1. L'école, le travail salarié et
l'Eglise.
Considérons d'abord l'exemple de l'école ; pour
tenter de montrer son rôle dans les changements intervenus au Gabon. En
effet, que l'administration ait été directe (Belgique, France,
Portugal) ou indirecte (Angleterre), il faut dire que l'école a
été introduite pour former ses auxiliaires ainsi que ceux de la
religion et du commerce. Dans un premier temps, elle s'est adressée aux
chefs coutumiers sur lesquels le pouvoir entendait s'appuyer. Cependant, au
début, ces derniers étaient peu motivés car ils y
percevaient là une attaque contre leurs traditions, leurs moeurs, leurs
coutumes. Aussi envoyèrent-ils les fils de leurs dépendants tout
comme ils les envoyèrent aux chantiers, aux plantations, à
l'armée.

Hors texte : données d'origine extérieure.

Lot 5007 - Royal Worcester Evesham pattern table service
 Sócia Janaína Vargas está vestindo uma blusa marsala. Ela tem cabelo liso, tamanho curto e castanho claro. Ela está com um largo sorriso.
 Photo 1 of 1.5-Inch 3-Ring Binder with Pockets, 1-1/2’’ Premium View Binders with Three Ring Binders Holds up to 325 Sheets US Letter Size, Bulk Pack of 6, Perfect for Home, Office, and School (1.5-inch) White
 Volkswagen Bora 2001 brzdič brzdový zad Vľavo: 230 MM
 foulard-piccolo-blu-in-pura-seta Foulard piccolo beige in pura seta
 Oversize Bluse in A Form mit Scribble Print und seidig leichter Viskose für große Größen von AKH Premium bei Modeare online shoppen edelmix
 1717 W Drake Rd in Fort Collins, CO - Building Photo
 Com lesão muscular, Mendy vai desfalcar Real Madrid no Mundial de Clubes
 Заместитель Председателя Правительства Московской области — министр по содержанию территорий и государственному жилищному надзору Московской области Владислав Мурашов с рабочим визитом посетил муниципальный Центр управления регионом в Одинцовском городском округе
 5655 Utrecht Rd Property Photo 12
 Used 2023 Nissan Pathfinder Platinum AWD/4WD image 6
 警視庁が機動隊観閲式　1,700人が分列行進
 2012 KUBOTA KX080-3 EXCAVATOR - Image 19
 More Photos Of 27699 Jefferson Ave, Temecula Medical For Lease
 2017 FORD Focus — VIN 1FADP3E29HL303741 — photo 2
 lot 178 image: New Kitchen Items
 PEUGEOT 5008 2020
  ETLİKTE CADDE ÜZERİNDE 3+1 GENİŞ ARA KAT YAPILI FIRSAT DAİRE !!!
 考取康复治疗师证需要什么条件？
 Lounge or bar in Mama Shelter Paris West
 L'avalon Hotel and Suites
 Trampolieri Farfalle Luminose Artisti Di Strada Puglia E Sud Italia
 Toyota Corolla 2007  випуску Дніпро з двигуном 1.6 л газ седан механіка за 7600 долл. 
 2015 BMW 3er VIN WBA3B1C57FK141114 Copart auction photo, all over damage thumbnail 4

D'où, s'est amorcée la transformation de la
société traditionnelle par l'émancipation des esclaves
qui, grace à la scolarisation et le salariat, ont obtenu souvent une
position économique supérieure à celle de leurs anciens
maîtres. Ceux-ci se rendront compte alors assez vite de
l'intérêt que présentait l'école pour le maintien et
l'extension de leur influence.
En définitive, ils changèrent leur attitude en y
envoyant désormais leurs propres enfants.175 Ce qui fait que
va se constituer une couche moyenne intermédiaire entre les blancs et la
masse de la population : ce sont "les évolués" ; dont
l'administration coloniale veillera à en limiter le nombre, de peur
d'être débordée. Dans le même ordre d'idée, le
travail salarié a permis également une mutation de l'organisation
sociale gabonaise. Ici, il s'agit de l'introduction de l'argent en
échange
d'un travail manuel intense à réaliser dans les
chantiers ou les plantations. Car l'administration coloniale avait pour souci
de mieux s'implanter et pour se faire, avait besoin d'une main d'oeuvre
abondante et bon marché pour batir les infrastructures (routes, ponts,
écoles, dispensaires...)
Pour rester dans cette perspective du salariat, il faut dire
que le choix du conjoint est « de plus en plus libre et les conjoints
s'ils se marient n'attendent plus le concours de l'ensemble de la famille. Car
par le passé, les rites contribuaient eux aussi à la promotion de
la vie, du mariage et des naissances. »176
En outre, le rôle de l'Eglise dans cette
société traditionnelle lignagère n'est pas en reste. On
peut par exemple s'appuyer sur le roman de Chinua ACHEBE "Le monde
s'effondre" pour voir l'impact des missionnaires dans le village Ibo au
Nigeria et où cette société traditionnelle va être
bouleversée. Pour le personnage principal du roman (Okonkwo), le monde
s'effondre parce qu'il s'agit de la profanation de la foret sacrée et
interdite, forêt des ancêtres, des génies protecteurs du
village par les missionnaires blancs. De plus, les enfants vont être vite
convertis au christianisme.
Au Gabon, la situation a été a priori similaire
; puisque quand l'école apparaît, elle sert à former les
dirigeants religieux et civils ainsi que les scribes destinés à
les seconder dans l'administration politique et économique. L'exemple de
l'Eglise catholique177 qui, pendant deux siècles, a
exercé un quasi monopôle sur l'éducation des jeunes
gabonais. Ce qu'il faut retenir, c'est qu'avec l'Eglise, il s'agit de la
criminalisation des coutumes gabonaises, avec l'aide de l'administration
coloniale comme l'écrit Florence BERNAULT. Parmi ces coutumes, il y a la
prohibition du mariage coutumier et l'exigence de la dot, qualifiée
d'achat de la femme.
176 Steeve Thierry BALONDJI, Les
conjugalités de faits en milieu ouvrier au Gabon, op.cit.,
p.28.
177 On peut mentionner par exemple l'action du pqre
BESSIEUX, qui débarqua au Gabon dans les années 1843 ; fondateur
du coll~ge qui porte son nom. Comme aussi la création des coll~ges
catholiques à l'intérieur du pays ; Val Marie de Mouila, Sainte
Marie, Immaculée Conception, Quaben à Libreville, etc. Sans
oublier la présence de l'Eglise protestante à
Lambaréné, avec la Mission Protestante de Ngomo n'Oronga, qui a
participé à la formation de certains cadres actuels du pays.